I've never really liked my name. I've never really felt comfortable with it. When I first started this blog, it never occurred to me to publish under my own name. Part of the decision to blog under a pseudonym was for privacy; another part was because I've always had a taste for the extravagant and the name Lady Renegade (now Lady Solitaire) is a reflection of the puffed-up self importance of a twelve year old. But it was mostly because I've never felt that my name is in sync with who I am and what I want to be.
It is not always easy growing up as an Asian, second-generation immigrant in Australia. I'm not very Asian in my thinking or sensibilities but I know I do not entirely fit in in Australia; I know I am not entirely welcome. I think that reflects in my name, and my discomfort with it.
My name is not a traditional, feminine name; at least to Western ears. Nobody has ever said that my name is 'pretty', 'sweet' or 'elegant' - it's normally described as 'interesting' or 'unique' or, by those who seem to lack tact, 'fucking weird'. I am so sick of having to say my name, repeat it five million times, spell it out again, and again, and again, and put up with all kinds of variations that seem to transcend ignorance.
I have always been good with names. I've never had any problem remembering how to spell or pronounce even the most unusual names. I've always found it strange that Australians seem incapable of wrapping their heads or tongues around anything more complicated than Ryan or Claire. I mean, English is the most complicated language in that we have so many rules, and so many ways to break these rules. But then again, Australian kids have never really boasted very impressive spelling skills.
Almost every Asian I know in Australia has a 'normal' name. Some of them have an Asian name for a middle name, or have a 'normal' nickname that everyone knows them as. Even my cousins in Singapore have English names; even my niece in Korea has an English name. I do not. I don't know whether to be proud or irritated.
When I was growing up, I had very Western ideals of marriage and babies instilled into my brain. Most people I know take it for granted they're going to name their own children. I certainly do, anyway.
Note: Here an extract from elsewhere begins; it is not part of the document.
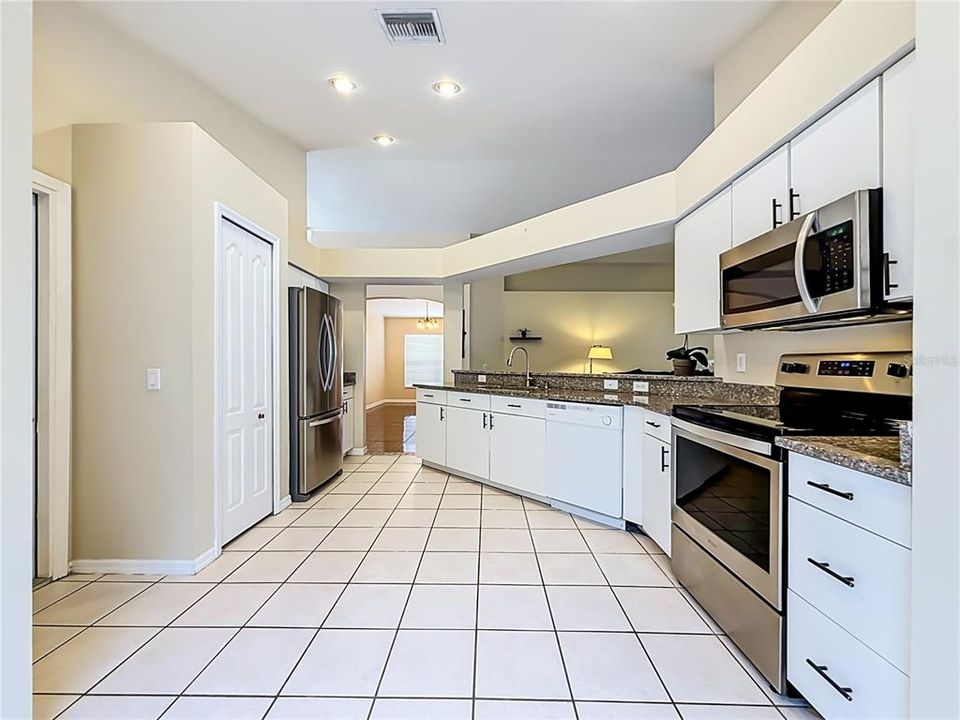 Active With Contract: $342,100 (4 beds, 3 baths, 1808 Square Feet)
My sister and I were named by my grandparents in Korea. It has never ceased to amaze me that my mother didn't give in to that girlish need to name your kid something deep and meaningful and personal, the name that you've scribbled and hidden in the same place where you've hidden that scribble of you as a Mrs. Our surname is a highly esteemed family in Korea which literally means 'hand' (more like authority). Our family is a family of generals, ministers, queens and concubines, and my name is similarly grand and austere - at least to me, when you think that the name 'Cameron' means 'wonky nose'. My name means 'intent to cultivate'. My grandfather loved it so much that I have it even though it's the 'wrong name' - don't ask.
In Korea, I finally get accepted as someone with a normal name. I love how my name just rolls of everyone's tongue. I love how they knew how to spell my name even before I did - in Korean, of course. I love how I can write my name and it just fits.
As I've gotten older I've reconciled myself with what I have been named. I used to think it didn't suit me, it didn't describe me, it didn't really represent me; but it does. It does, when I'm where I belong.